What do you have in mind when you say the P&P side of things is declining?


----------



## Nightfall (Jun 3, 2004)

If people can go out, buy a set of books about a kid and his friends, the series become immensely popular, and they start doing RPGs about him, I don't see how a nearly popular RPG as D&D should have any problem. 

My feeling is that gamers themselves are not inclusive enough to get the RIGHT people involved. By that I mean most of my peers back in high school were pretty darn snobby about who'd they allow in. It's still true now even though mostly its because the people I game with aren't people I'd hang around with legally and in a very public place playing D&D. (Mostly because I don't wish to put in jail for someone else's crimes.)


----------



## Psion (Jun 3, 2004)

What Ryan says is the books are too much for beginners.

Sales right now are largely driven by long term players, not beginners. I don't think it's too complicated for those who play it regularly. Just those who are not familiar with the hobby.

Which makes sense to me.


----------



## Krieg (Jun 3, 2004)

Nightfall said:
			
		

> It's still true now even though mostly its because the people I game with aren't people I'd hang around with legally and in a very public place playing D&D. (Mostly because I don't wish to put in jail for someone else's crimes.)




Heh, now that sounds like a WVU alum if I've ever heard of one.


----------



## The Madhatter (Jun 3, 2004)

Computer RPGs (many times) have more than 970+ pages of rules. All the rules aren't presented when you first start the game. Case in Point: Neverwinter Nights. It's a great PC game that's based largely on 3.0 rules. The manuals are e and they don't even explain spell effects. You are expected to buy the Bradygames manual if you want to know the numbers. 
I think this is where the boxed set comes it. It spoon feeds you concepts, not really rules, so that you may play the game. We have many different modifiers to your d20 attack roll, but only one concept. d20 + modifiers Vs. AC = success/failure. 
WOTC's minis are contributing to getting people into the hobby. Who hasn't been inspired by a well crafted mini? I know of at least two young men that thought minis were cool beans, and then they found out that a whole (new and unusual) game was attached to them.


----------



## Umbran (Jun 3, 2004)

SemperJase said:
			
		

> It seems the hobby is likely to be crushed under the weight of rules.




No, it won't.  My evidence for this is simple - the rules have been complicated since 1978.  The rules now are actually simpler and more unified in concept than they were at that time.  Much of the extra page-count nowadays is in explication of the rules so that you don't get confused.

If the complicated rules didn't kill things back in 1978, they won't kill things now.


----------



## JeffB (Jun 3, 2004)

Absolutely the game has become too complicated, IMO. There has been no "bridge" product like the Basic/Expert sets for years, and there really needs to be one. A product that gives the you the whole experience but in a friendlier, less rules intense way.

The game has become too complicated for me as it is...The rules bloat of even just the core books has driven me to the point where I just don't enjoy running 3.X, and haven't played in awhile.

I'm very much looking forward to C&C from the Troll Lords.
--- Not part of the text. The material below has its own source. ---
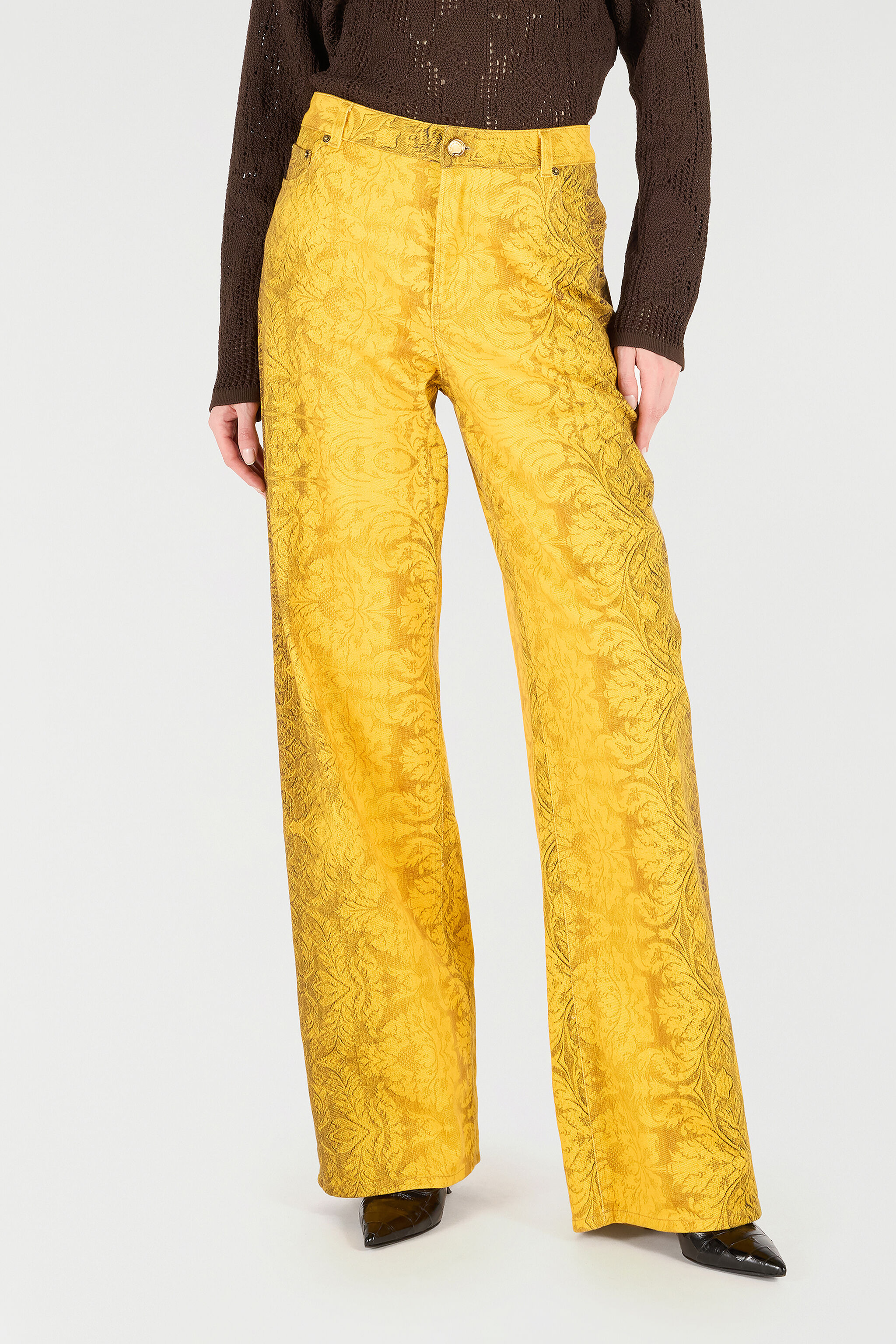 Pants With Broccato Print - 3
I'm hoping it will give me a set of fairly flexible but simple rules that remain true to D&D's roots/themes, and allows me to convert with relative ease both the best of the old D&D and the best of the new D&D/D20 products. A tall order to fill for sure, but it sounds very promising so far.

Had I been introduced to the game w/ the current PHB, I'd likely never have stayed in the hobby.Way too intimidating and complicated..and this is coming from someone who started with the brown books, and the original basic set.


----------



## Nightfall (Jun 3, 2004)

Krieg said:
			
		

> Heh, now that sounds like a WVU alum if I've ever heard of one.



More like a townie that knows too many people with similiar habits as the college folk. Also that said people are often suppliers TO said college people. So yeah I'm pretty much against college towns.


----------



## Torm (Jun 3, 2004)

D02 is compliated and simplest at the same time for not plaing newbies. My hat of D02 know no limit!

There, I believe I have now used it correctly.  

Seriously, though, I don't believe I know anyone who came to play RPGs or other similarly detailed wargames without being "brought into the fold" by someone else. I had D&D and FASA Star Trek gaming materials and West End Games' Star Wars stuff LONG before I ever played anything like that - to me, by myself and not having played them before, they were just neat books I had found at yard sales or been given by relatives who thought that just because I liked Star Wars, I would know what to do with them. And I've brought other people into the gaming community that certainly would never have bought a D&D book if they hadn't been taught the game FIRST.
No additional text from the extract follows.